YOUR GOAL: Print exactly the lines that run from the one containing "382 Canyon Meadows Road W" to the final line of the data, both included, and print none of the pictures.

[Web page caption snippets]
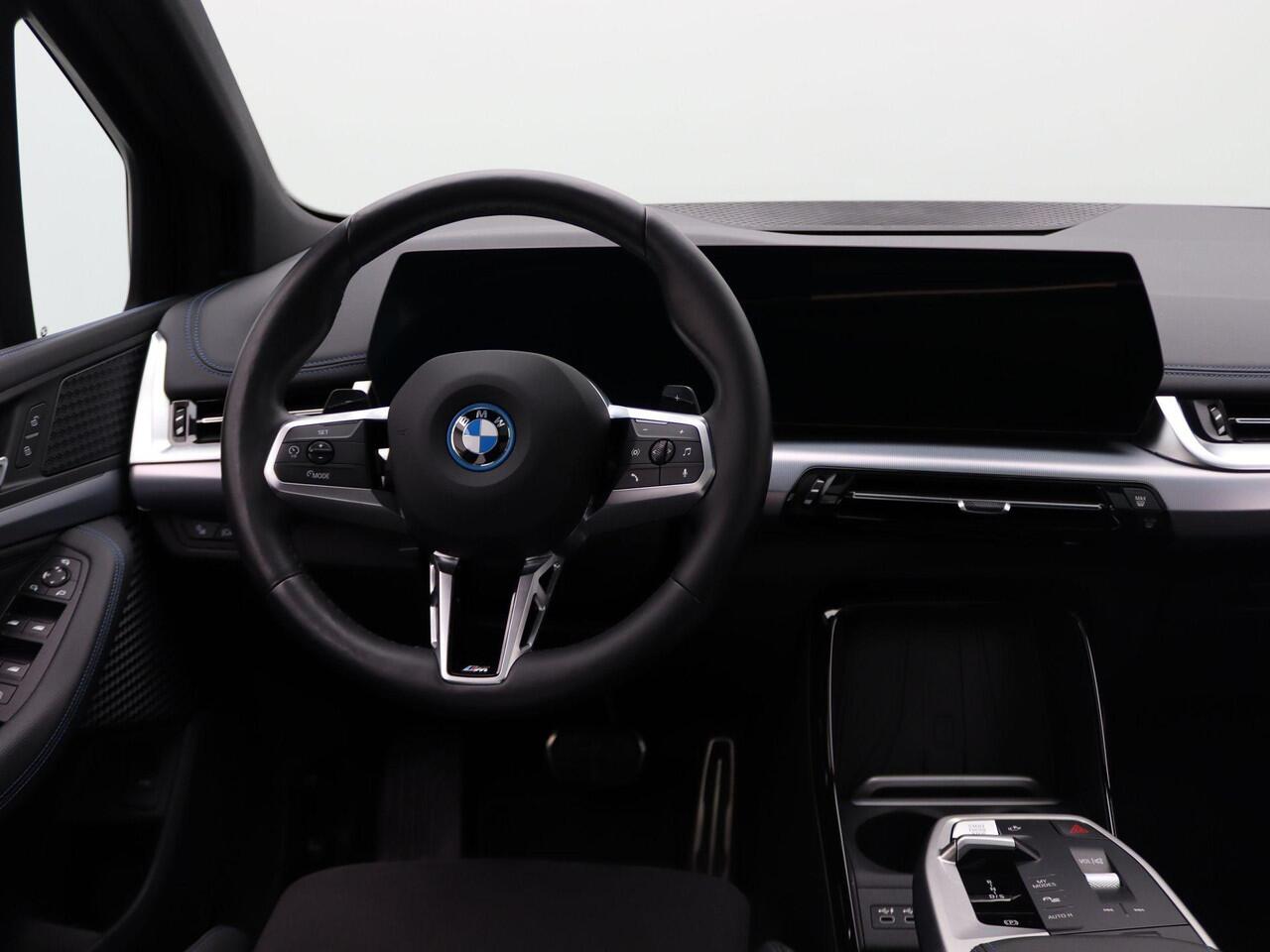 BMW 2-SERIE Active Tourer 225e xDrive M Sportpakket | Premium Pack | Travel Pack | Achteruitrijcamera | Panoramadak | 17"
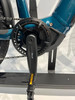 Detail der Kurbelgarnitur und des Pedals eines E-Bikes.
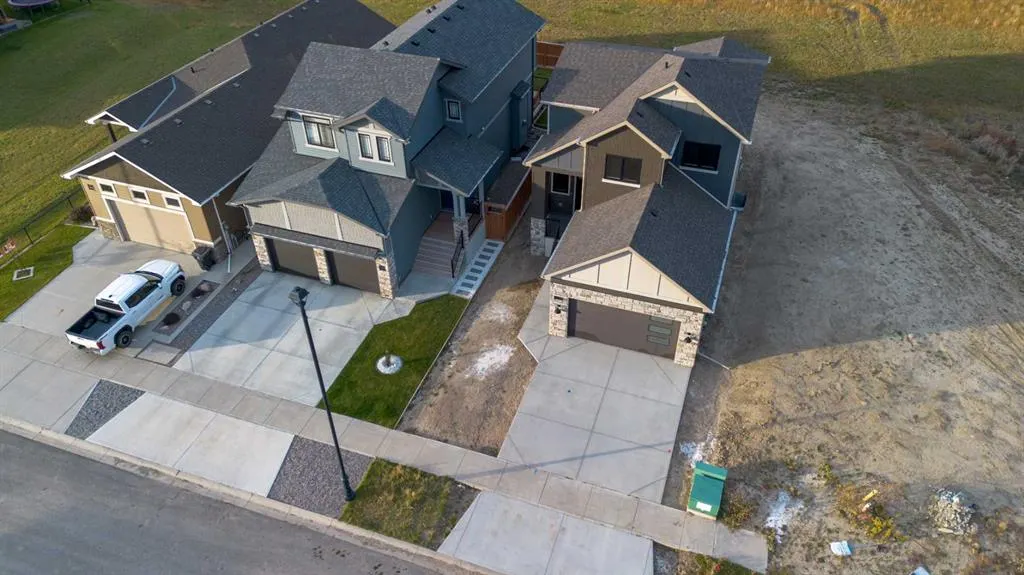 382 Canyon Meadows Road W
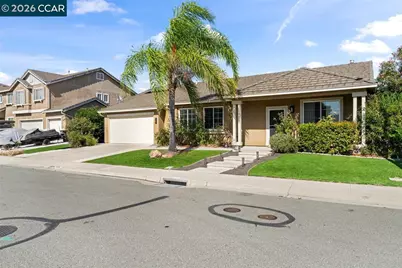 563 Silver Saddle Dr, Pittsburg, CA 94565 - Photo 2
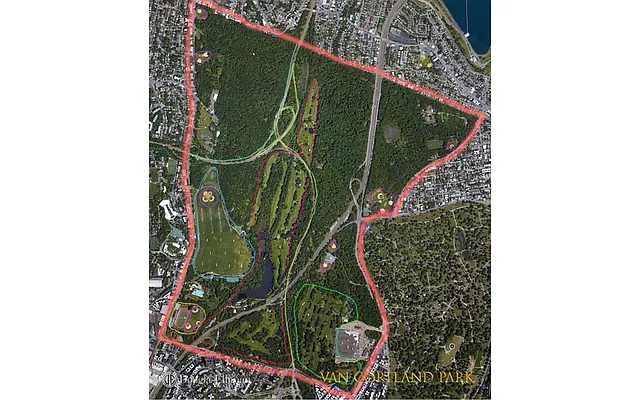 Sold by Douglas Elliman | media 14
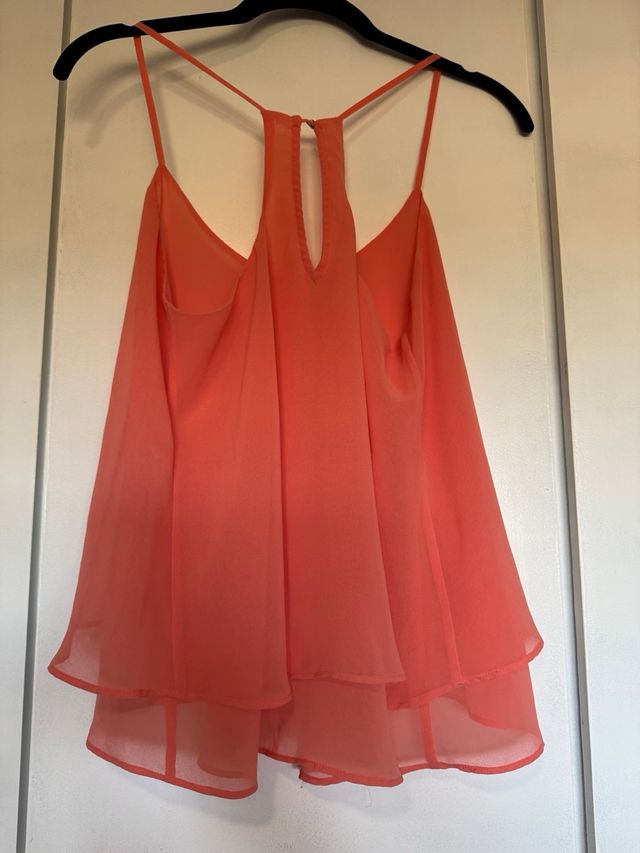 Camiseta salmón con pvolantes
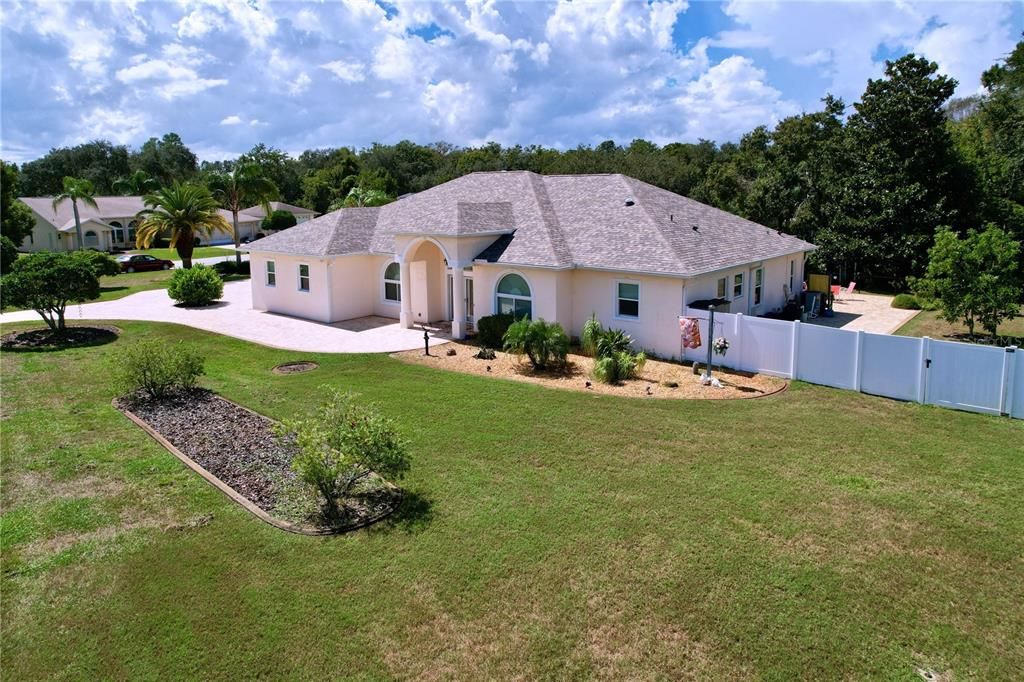 For Sale: $629,000 (3 beds, 3 baths, 2399 Square Feet)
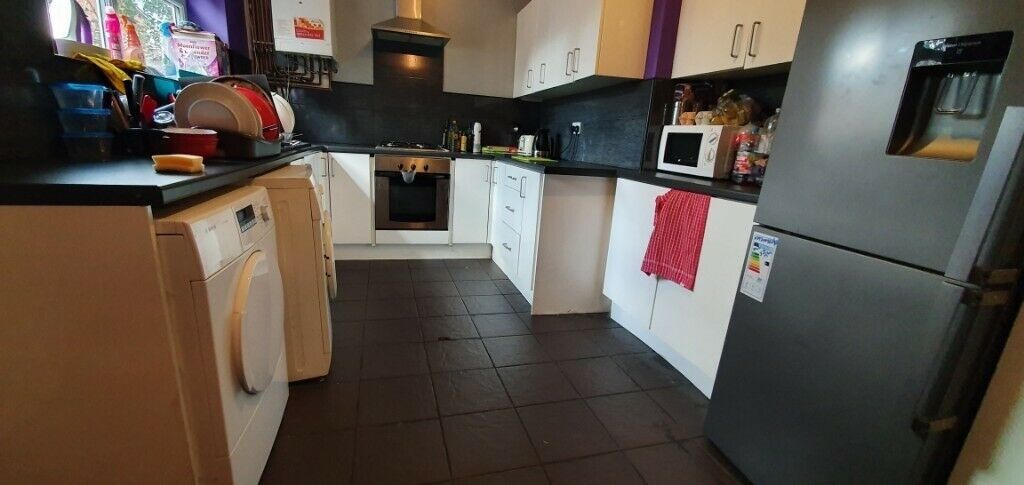 Property photo 2 of 11 Spacious Kitchen With Modern Appliances...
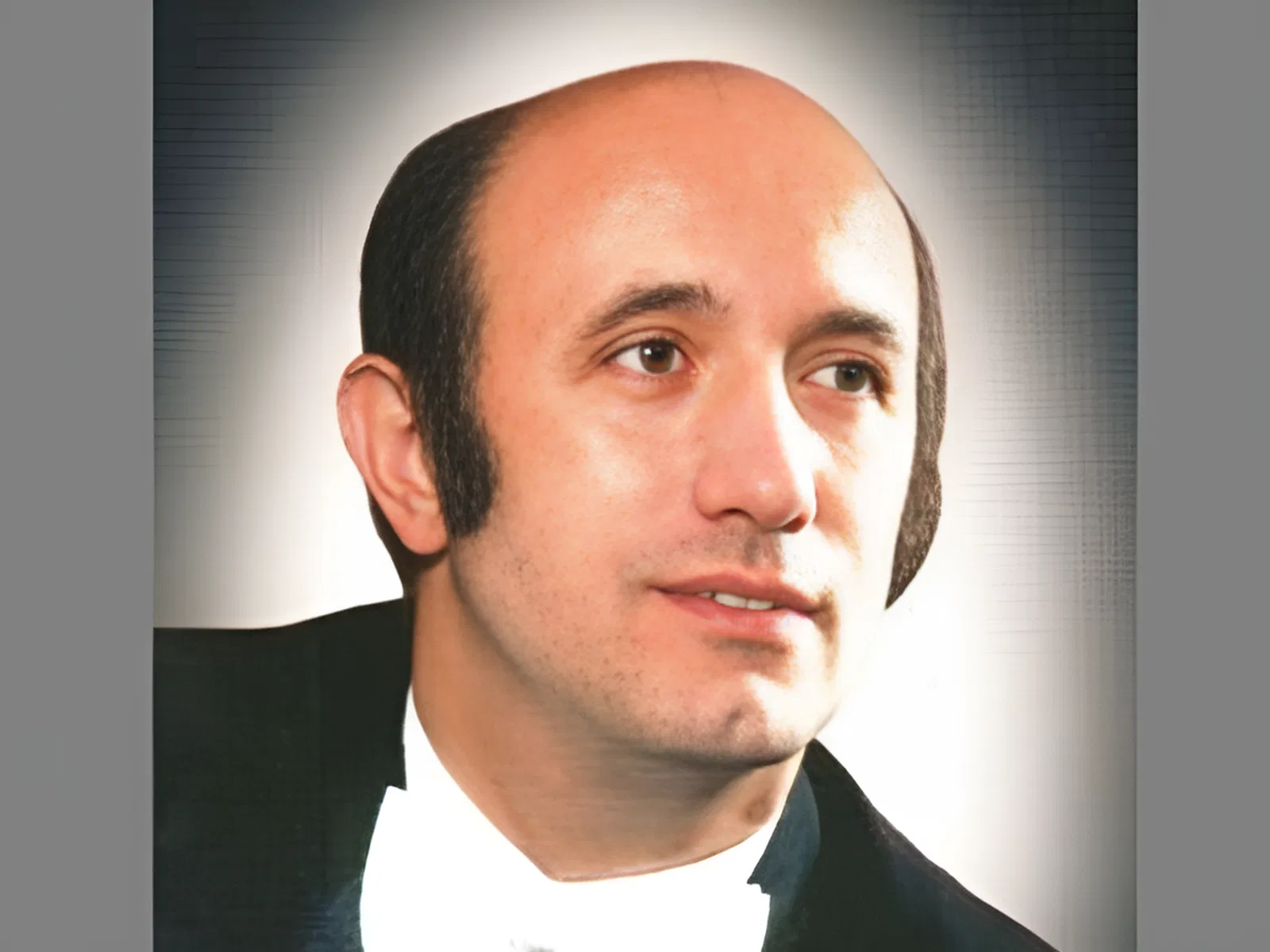 Николай Калинин (12 августа 1944 - 6 июня 2004), советский дирижер, композитор, профессор, Народный артист РСФСР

SOLUTION FOR THIS TASK:
 382 Canyon Meadows Road W
 563 Silver Saddle Dr, Pittsburg, CA 94565 - Photo 2
 Sold by Douglas Elliman | media 14
 Camiseta salmón con pvolantes
 For Sale: $629,000 (3 beds, 3 baths, 2399 Square Feet)
 Property photo 2 of 11 Spacious Kitchen With Modern Appliances...
 Николай Калинин (12 августа 1944 - 6 июня 2004), советский дирижер, композитор, профессор, Народный артист РСФСР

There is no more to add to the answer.